Information supplied:
=== Begin Enclosure ===

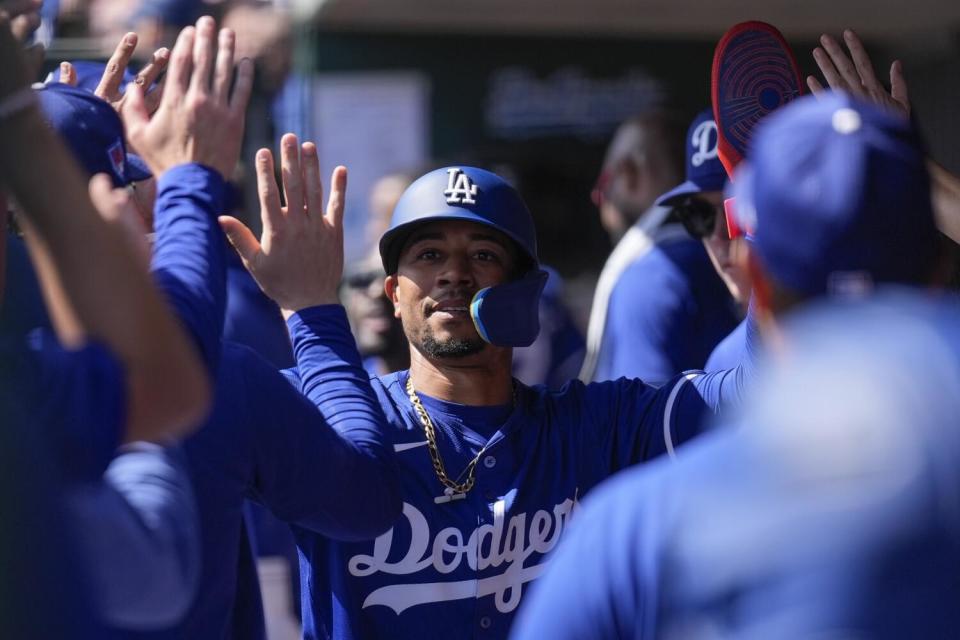 The Dodgers' Mookie Betts high-fives teammates and celebrates after scoring.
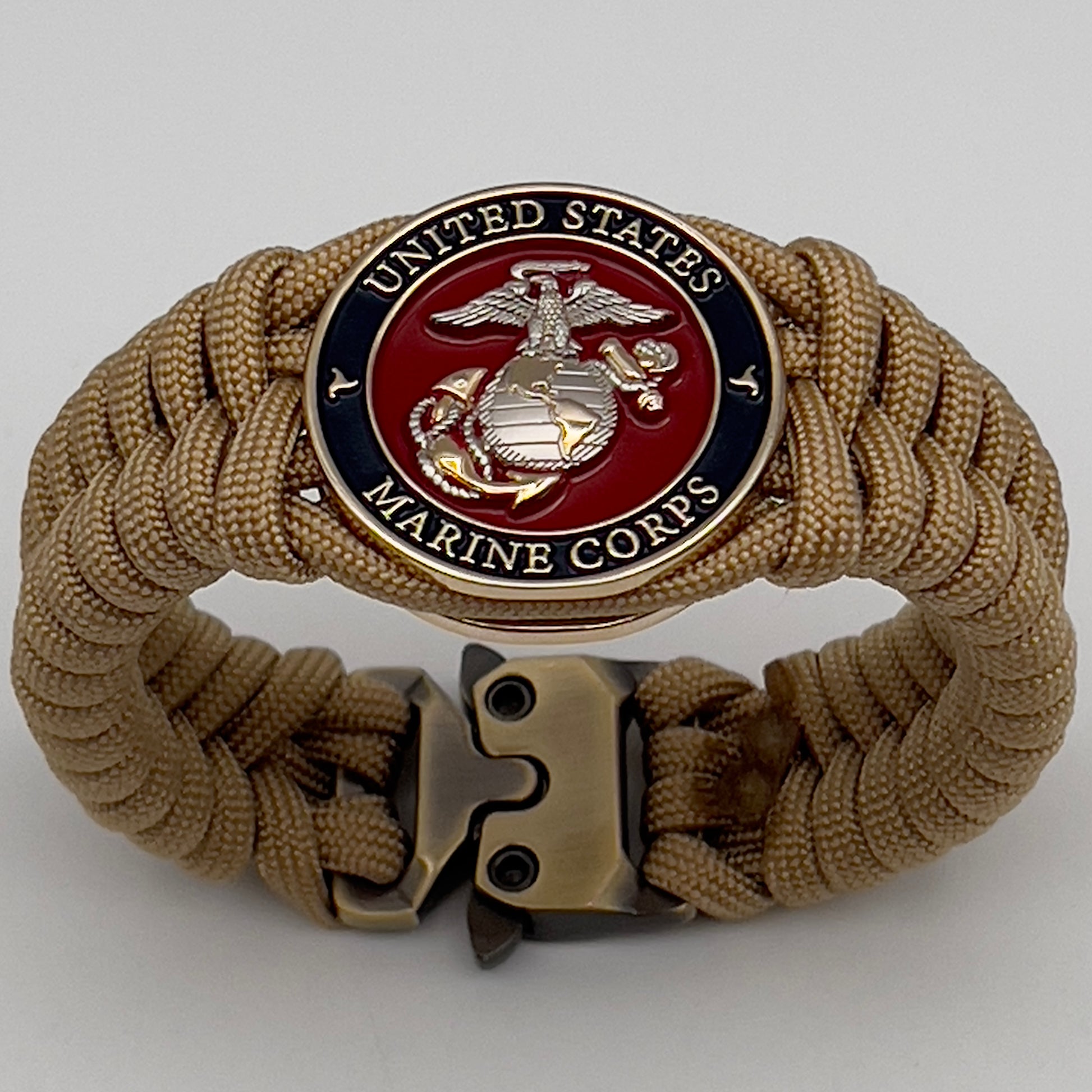 Thick and comfortable braided United States Marine Corps bracelet featuring a 24K gold and silver plated USMC officer Eagle Globe and Anchor medallion, a Cobra style tactical buckle and woven with gold 550 paracord.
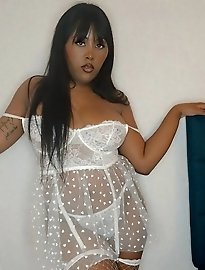 Lisa Essex is a MILF and she wears a wet look minidress to entice you.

=== End Enclosure ===

Exercise: Repeat, exactly and in full, all the material above except its pictures.

Answer below:
 The Dodgers' Mookie Betts high-fives teammates and celebrates after scoring.
 Thick and comfortable braided United States Marine Corps bracelet featuring a 24K gold and silver plated USMC officer Eagle Globe and Anchor medallion, a Cobra style tactical buckle and woven with gold 550 paracord.
 Lisa Essex is a MILF and she wears a wet look minidress to entice you.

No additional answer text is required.